▼

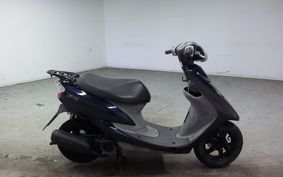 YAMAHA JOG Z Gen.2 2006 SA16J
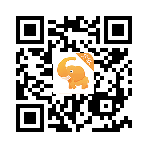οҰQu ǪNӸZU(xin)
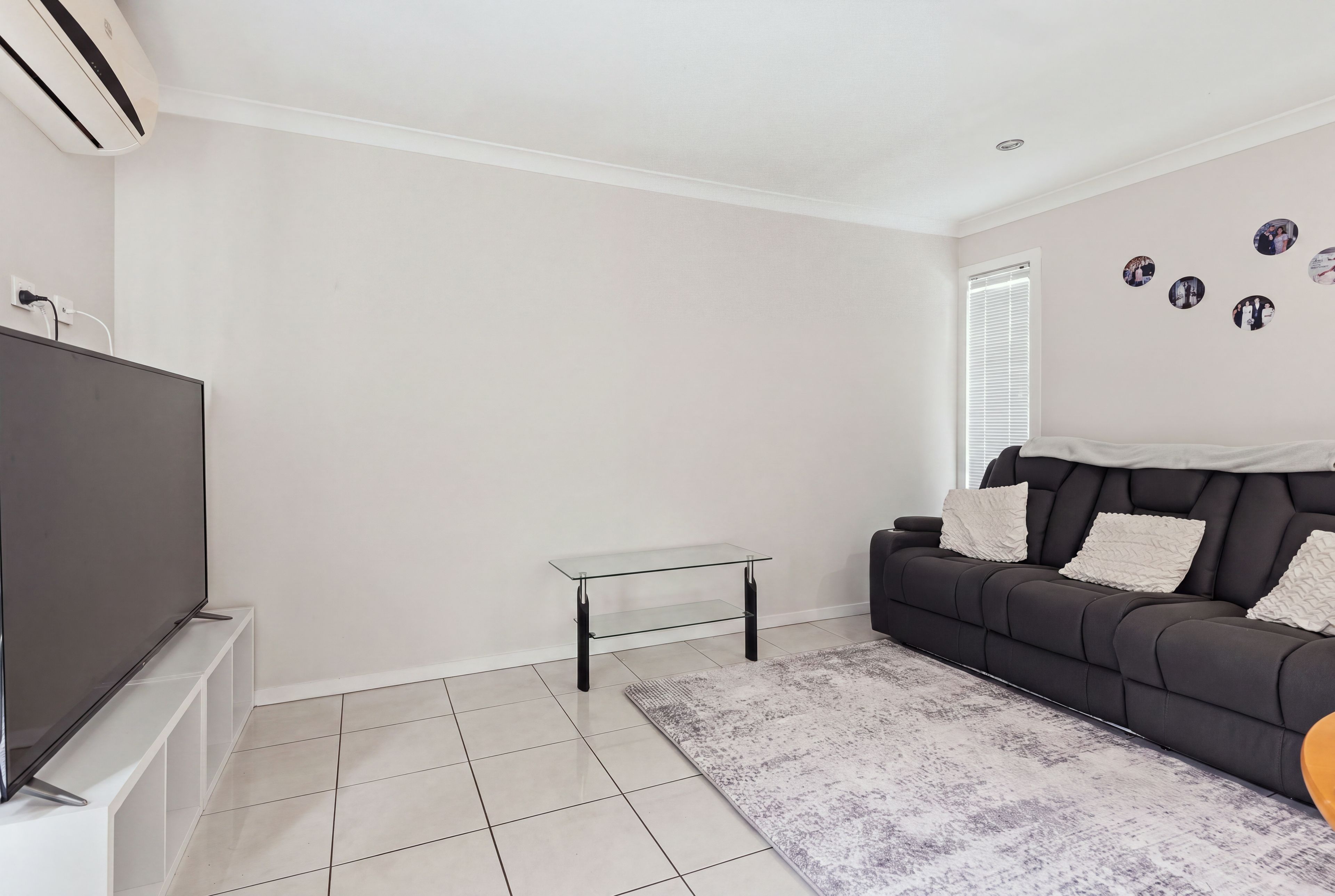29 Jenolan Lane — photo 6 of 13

▲

> [Task statement]: The output should be the material above, copied exactly, without its pictures.

> [The completed task]:
 YAMAHA JOG Z Gen.2 2006 SA16J
οҰQu ǪNӸZU(xin)
29 Jenolan Lane — photo 6 of 13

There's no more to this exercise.